What you need to do
Quote all of the data that follows exactly as written, skipping the images.

+++

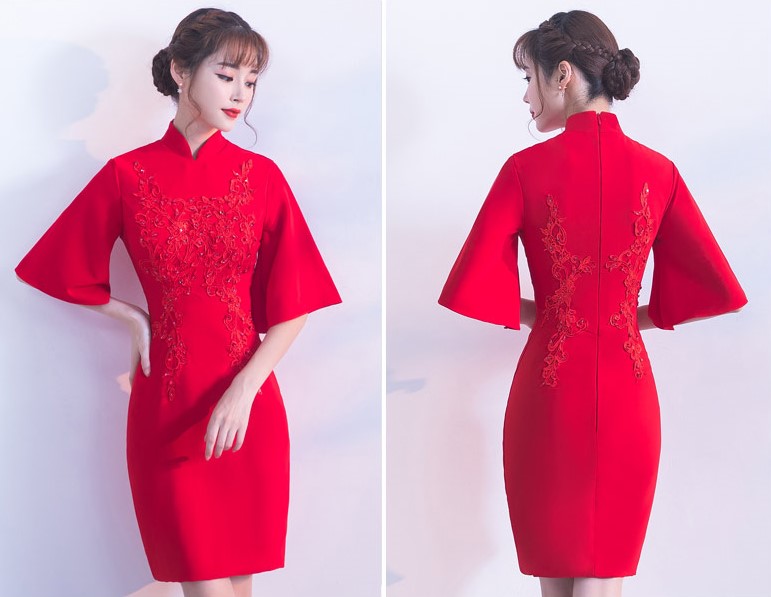 气质小礼服裙，短款红色中式礼服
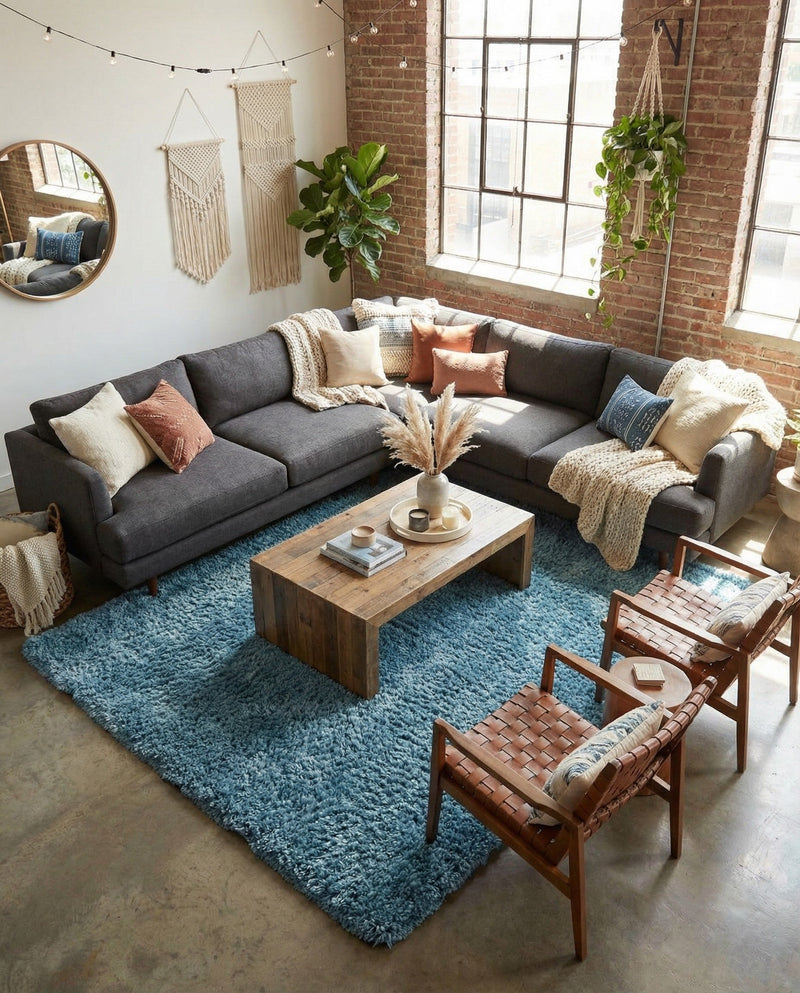 Eternal Plush Oasis Collection Area Rug -  Tranquility (Aegean Blue) Rectangle Aegean Blue  lifestyle 24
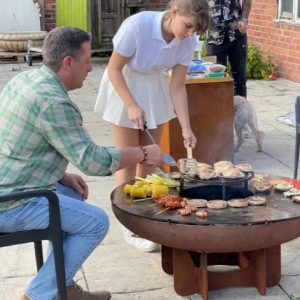 Ex display - Outdoor Fire Bowl Grill with Hot Plate & Raised Griddle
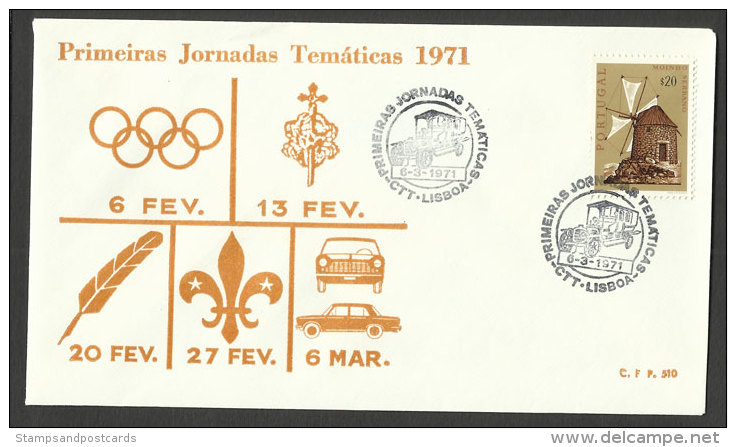 Portugal Cachet Commémoratif  Expo Philatelique Lisbonne Voiture Ancienne 1971 Event Pmk Old Car Stamp Expo Lisbon 1971 - Flammes & Oblitérations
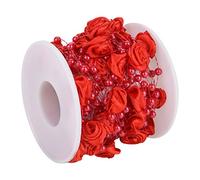 AUNMAS Guirlande de Perles Rose Fil de Perles Artificielles Chaîne de 10m ABS d'Imitation Coupables Brillant Flexible pour Mariage Baby Shower Fête Table Vase Chaise Décoration (Rouge)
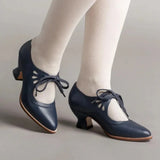 Retro Mary Jane Pumps Woman Vintage Lace Up Low Heel Dress Zapatos Ladies Brand Design Butterfly Wing Derby Shoes Plus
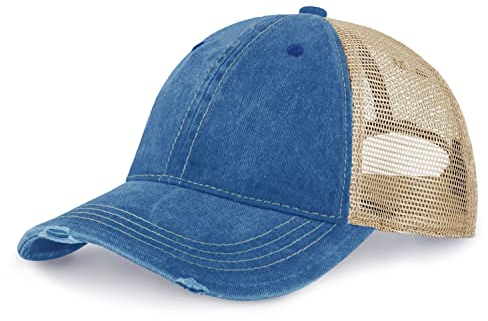 CHOK.LIDS Vintage Distressed Trucker Hut verstellbare Rückseite Unisex Kopfbedeckungen (Blau)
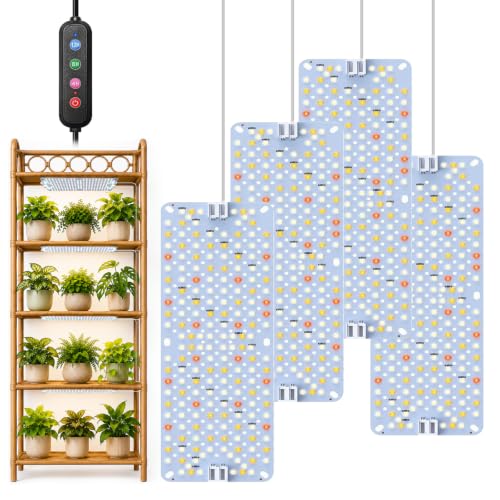 SDOVUERC Full Spectrum 768 LEDs Grow Lights, Plant Grow Lights for Indoor Plants with Daisy Chain Function, Sunlike Spectrum,4/8/12/16/20H Timer for Seed Starting(Pack4) - color: Panel Grow Light(4Pack)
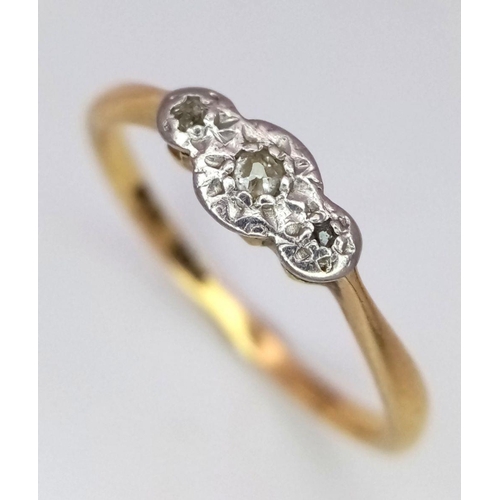 390 - 18K YELLOW GOLD & PLATINUM VINTAGE 3 STONE DIAMOND RING 1.9G SIZE O

ref: SC 3031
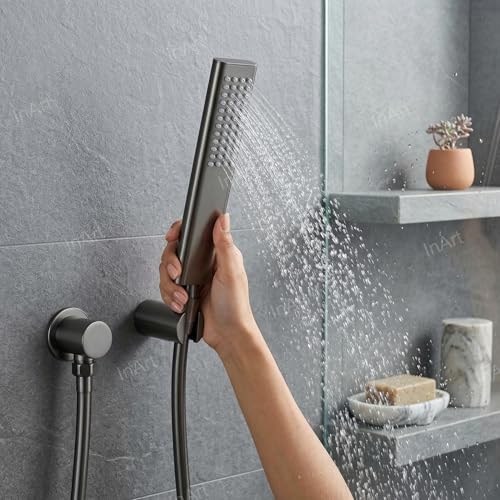 InArt® Stainless Steel Hand Shower, Gun Grey Finish | Stainless Steel Handheld Shower with Rain Massage | Easy-Clean Silicone Nozzles (Hand Shower + Tube + Hook) - Image 4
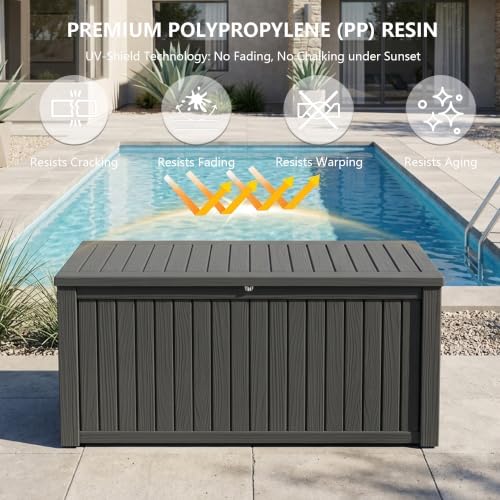 Outdoor Storage Box,200 Gallon Waterproof Deck Box [Upgraded 3.0] - Image 4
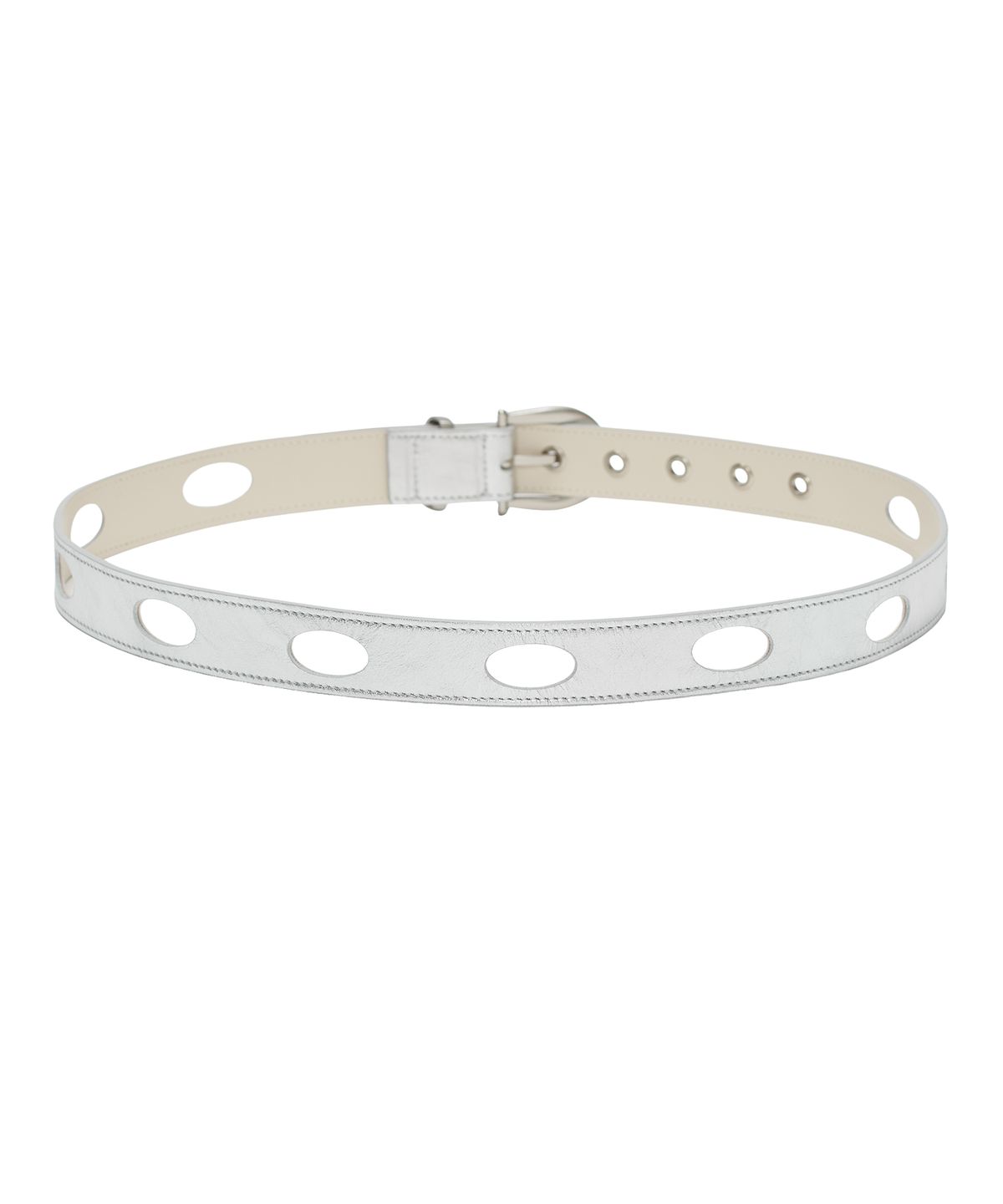 타입서비스(TYPESERVICE) Perforated Leather Belt [Silver]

+++

Output of the exercise
 气质小礼服裙，短款红色中式礼服
 Eternal Plush Oasis Collection Area Rug -  Tranquility (Aegean Blue) Rectangle Aegean Blue  lifestyle 24
 Ex display - Outdoor Fire Bowl Grill with Hot Plate & Raised Griddle
 Portugal Cachet Commémoratif  Expo Philatelique Lisbonne Voiture Ancienne 1971 Event Pmk Old Car Stamp Expo Lisbon 1971 - Flammes & Oblitérations
 AUNMAS Guirlande de Perles Rose Fil de Perles Artificielles Chaîne de 10m ABS d'Imitation Coupables Brillant Flexible pour Mariage Baby Shower Fête Table Vase Chaise Décoration (Rouge)
 Retro Mary Jane Pumps Woman Vintage Lace Up Low Heel Dress Zapatos Ladies Brand Design Butterfly Wing Derby Shoes Plus
 CHOK.LIDS Vintage Distressed Trucker Hut verstellbare Rückseite Unisex Kopfbedeckungen (Blau)
 SDOVUERC Full Spectrum 768 LEDs Grow Lights, Plant Grow Lights for Indoor Plants with Daisy Chain Function, Sunlike Spectrum,4/8/12/16/20H Timer for Seed Starting(Pack4) - color: Panel Grow Light(4Pack)
 390 - 18K YELLOW GOLD & PLATINUM VINTAGE 3 STONE DIAMOND RING 1.9G SIZE O

ref: SC 3031
 InArt® Stainless Steel Hand Shower, Gun Grey Finish | Stainless Steel Handheld Shower with Rain Massage | Easy-Clean Silicone Nozzles (Hand Shower + Tube + Hook) - Image 4
 Outdoor Storage Box,200 Gallon Waterproof Deck Box [Upgraded 3.0] - Image 4
 타입서비스(TYPESERVICE) Perforated Leather Belt [Silver]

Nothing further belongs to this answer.